Review: The Girl With All The Gifts by Mike Carey

A devastated world, an outbreak of something that drives people to become horrific, cannibalistic monsters; a society that has through stupidity and ineptitude managed to engineer its own collapse. A group of plucky individuals who have to survive against all costs.


These are the stock ingredients of the zombie apocalypse novel, so frequently used now that they have become cliches in their own right across all of post apocalypse fiction but especially for stories concerning zombies. Many people have tried to do something different with them, few have succeeded. Carey, with Girl with All the Gifts may well have done. This novel has all these elements within it and works within their boundaries, but its no common zombie apocalypse story; indeed the word 'zombie' never appears, even though the monsters - the 'Hungrys' - are obviously that. 

Despite this the story is skillfully told, keeping a tight on the characters, initially at the military base they inhabit and then on the group of survivors as they escape an attack by savage scavengers to try to make their way to  'Beacon', a place we never see in the novel and which has a talisman like quality for the protagonists. Beacon is safety and home, as much as those things can exist in a fallen world. Nothing else really gets a chance to be explored, and allows Carey to develop the pasts of the four adult characters, establishing who they are, how they came to be at the base and how they relate to the 'Girl' - Melanie.
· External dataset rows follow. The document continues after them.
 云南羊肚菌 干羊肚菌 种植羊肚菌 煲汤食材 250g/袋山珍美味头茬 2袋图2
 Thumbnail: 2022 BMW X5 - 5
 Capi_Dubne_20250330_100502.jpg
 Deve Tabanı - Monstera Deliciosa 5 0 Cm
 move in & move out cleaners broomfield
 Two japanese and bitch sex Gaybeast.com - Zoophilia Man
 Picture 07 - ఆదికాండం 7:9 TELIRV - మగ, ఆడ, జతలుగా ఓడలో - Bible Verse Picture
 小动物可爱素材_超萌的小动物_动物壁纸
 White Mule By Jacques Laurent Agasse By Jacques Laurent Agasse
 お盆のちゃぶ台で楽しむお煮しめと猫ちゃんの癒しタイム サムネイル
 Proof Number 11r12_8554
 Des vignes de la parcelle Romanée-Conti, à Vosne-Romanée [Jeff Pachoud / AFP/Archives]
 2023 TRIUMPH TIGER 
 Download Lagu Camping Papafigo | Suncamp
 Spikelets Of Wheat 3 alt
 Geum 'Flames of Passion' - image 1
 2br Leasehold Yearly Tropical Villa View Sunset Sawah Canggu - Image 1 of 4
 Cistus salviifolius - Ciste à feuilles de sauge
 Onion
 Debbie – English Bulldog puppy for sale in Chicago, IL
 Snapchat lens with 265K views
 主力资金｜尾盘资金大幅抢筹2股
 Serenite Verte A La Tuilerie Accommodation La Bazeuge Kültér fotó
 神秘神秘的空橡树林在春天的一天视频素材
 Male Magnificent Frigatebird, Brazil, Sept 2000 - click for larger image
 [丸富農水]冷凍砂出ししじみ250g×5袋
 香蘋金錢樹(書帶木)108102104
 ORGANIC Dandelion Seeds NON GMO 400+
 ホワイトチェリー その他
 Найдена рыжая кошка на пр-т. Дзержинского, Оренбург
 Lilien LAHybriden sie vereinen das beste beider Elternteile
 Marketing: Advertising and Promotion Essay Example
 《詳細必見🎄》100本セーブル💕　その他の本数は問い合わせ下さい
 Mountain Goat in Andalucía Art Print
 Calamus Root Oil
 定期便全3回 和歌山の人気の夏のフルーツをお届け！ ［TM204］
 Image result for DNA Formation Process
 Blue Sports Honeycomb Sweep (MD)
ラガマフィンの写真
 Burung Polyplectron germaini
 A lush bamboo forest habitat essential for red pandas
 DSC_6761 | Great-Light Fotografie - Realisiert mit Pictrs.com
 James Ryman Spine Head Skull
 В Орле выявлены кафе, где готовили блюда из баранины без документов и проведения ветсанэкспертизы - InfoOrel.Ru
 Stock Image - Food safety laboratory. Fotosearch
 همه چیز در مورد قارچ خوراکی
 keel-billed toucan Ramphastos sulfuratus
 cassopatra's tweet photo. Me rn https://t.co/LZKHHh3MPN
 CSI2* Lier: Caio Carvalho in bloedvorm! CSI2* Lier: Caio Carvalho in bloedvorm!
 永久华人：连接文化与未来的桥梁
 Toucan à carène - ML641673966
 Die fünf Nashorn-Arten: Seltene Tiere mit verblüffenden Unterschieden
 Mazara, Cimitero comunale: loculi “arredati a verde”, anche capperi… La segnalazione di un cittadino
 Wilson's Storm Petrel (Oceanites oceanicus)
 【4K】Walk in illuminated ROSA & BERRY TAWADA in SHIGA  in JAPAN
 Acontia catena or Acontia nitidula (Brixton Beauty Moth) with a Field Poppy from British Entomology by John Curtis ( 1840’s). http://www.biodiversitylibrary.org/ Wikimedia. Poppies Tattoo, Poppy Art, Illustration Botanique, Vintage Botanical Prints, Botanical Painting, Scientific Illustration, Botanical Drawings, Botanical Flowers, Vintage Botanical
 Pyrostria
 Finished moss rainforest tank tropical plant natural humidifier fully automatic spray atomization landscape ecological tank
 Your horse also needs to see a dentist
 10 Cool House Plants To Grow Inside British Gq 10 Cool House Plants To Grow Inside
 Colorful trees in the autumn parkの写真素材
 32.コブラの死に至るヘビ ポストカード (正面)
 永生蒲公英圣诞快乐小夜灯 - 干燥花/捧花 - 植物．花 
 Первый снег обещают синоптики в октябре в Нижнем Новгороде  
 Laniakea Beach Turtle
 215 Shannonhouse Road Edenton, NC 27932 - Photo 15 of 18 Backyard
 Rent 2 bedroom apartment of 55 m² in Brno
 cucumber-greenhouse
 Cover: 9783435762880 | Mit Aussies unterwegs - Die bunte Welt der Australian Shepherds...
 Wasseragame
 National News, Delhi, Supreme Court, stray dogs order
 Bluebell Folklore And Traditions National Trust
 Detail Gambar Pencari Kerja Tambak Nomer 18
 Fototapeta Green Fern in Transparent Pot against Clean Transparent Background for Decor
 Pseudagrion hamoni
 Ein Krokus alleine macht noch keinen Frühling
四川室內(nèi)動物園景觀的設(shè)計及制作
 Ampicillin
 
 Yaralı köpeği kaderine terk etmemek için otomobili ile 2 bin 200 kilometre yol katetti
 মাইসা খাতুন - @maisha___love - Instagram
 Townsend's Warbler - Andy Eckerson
Melanie is the key figure in this; it is her story and she serves as the protagonist and the catalyst for the events of the narrative. Her nature is in flux throughout the tale, shifting as she grows along with her world. There is an element of hero worship on the author's part; Melanie does not seem to have any real flaws, those are left to the adults. Given her eventual role in the story this may be an attempt to fit her role to a mythological rather than literary structure, but it is never quiet clear if this is intentional or not. Nevertheless she is an interesting character to read, and watch develop as she becomes less victim and more leader. Carey adapts her relationships to the other characters well, allowing her to bond with the soldiers who make up the male contingent of the group, whilst her relationship with the women is complicated and in places contradictory. Melanie's role is also one where she can change the world around her, ultimately bringing a sort of end to the status quo the world has fallen into, albeit one that means that the world will change forever.

The world building feels similar to Margaret Atwood's, albeit without the crazy cults and the slow disintegration of society. The revelation about the cause of the pandemic and its eventual 'cure' I found rather reminiscent to the end of Year of the Flood. The background of the story feels very much in this vein too, with capitalism being outright identified as one cause of the crisis that led to society's collapse; it does feel a little as if the author is wearing his politics on his sleeve. Whilst the novel will undoubtedly be marketed as horror I feel the tone and pace of the work makes it more akin to a post apocalyptic science fiction story than anything else.

In all this is a well written, well realised book even with its few flaws. If you enjoy zombie fiction I recommend it and if you don't but want to try something different then it may be worth a look. Whilst Carey does not reinvent the wheel he includes enough new ideas to raise this above the usual level of this kind of novel and with careful handling provides a book that is not just another run of the mill zombie story but something with heart.